If you have anything that claims that AES is different enough to warrant this extra optimism, I would love to have a look.
Yes, seriously. In fact to be clear (since you edited your time down to a mere 30 years) I fully expect something encrypted with 256-bit full AES today to remain inaccessible for all of foreseeable human existence [1]. I mean, it's hard to even really know where to begin here because it's not clear you've so much as looked at a wikipedia page on this before, and really don't grasp how non-linear improvements have been. DES is your cited milestone, but the primary weakness of it was simply that it had a 56-bit key. That's a mere 72 thousand trillion. A 256-bit key isn't "~4.6 times as hard" though, it's "the number atoms in the entire galaxy times as hard". 2^256 is around the lower bound of the estimated number of atoms in the entire universe. A 512-bit key is something like "an entire universe of atoms for every single atom in the universe". These are non-intuitively big numbers.
The algebraic framework of AES is pretty straight forward, and decades better knowledge went into it. But mainly it's that non-linear advances in computing meant that by the end of the 90s tech had caught up with and surpassed what was needed for the kind of keys necessary to make brute force utterly impossible with margin to spare, by anything within the known laws of physics. There have been academic attacks which mildly reduce full AES below brute force, but they simply don't matter at all in practice. 2^254 is better than 2^256, but still impossible. I already cited quantum computers, there we have the math to show that if a fully scalable general purpose one could ever be made it'd allow a quadratic speedup. And against a 128-bit it'd drop it to less than 2^64 and that'd be fairly trivial. But everything modern moved over to 256-bit keys ages ago (FileVault 2 for example was 9 years ago and it was not remotely the first) and it'd be relatively trivial to double keys again at this point if anyone was really concerned.

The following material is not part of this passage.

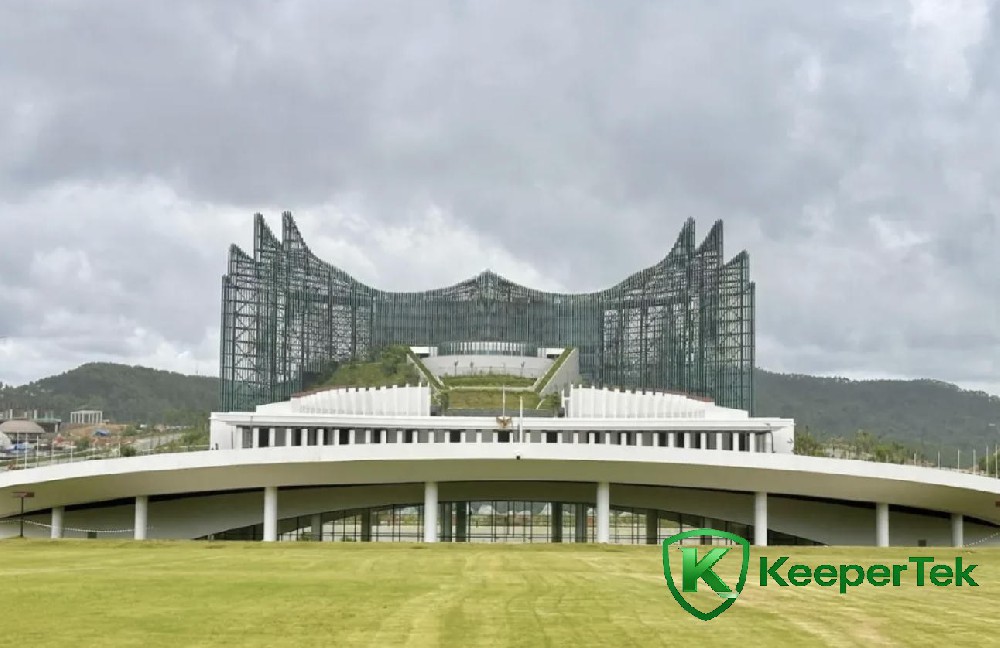 Правительственное здание в Нусантаре, новой столице Индонезии.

Side channel attacks are a real issue too for many purposes. But FDE is an exception, since it exclusively is for defending data at rest. That simply nullifies an entire range of tricky implementation issues for this threat model.
Again seriously: you can't just do linear historical extrapolation without at least knowing a bit of why those things went that way and what the foundations are. It's like you being surprised I'd expect algebra or calculus to remain relevant "for the next 3 decades".
>I'd have a hard time finding anyone even remotely claiming that.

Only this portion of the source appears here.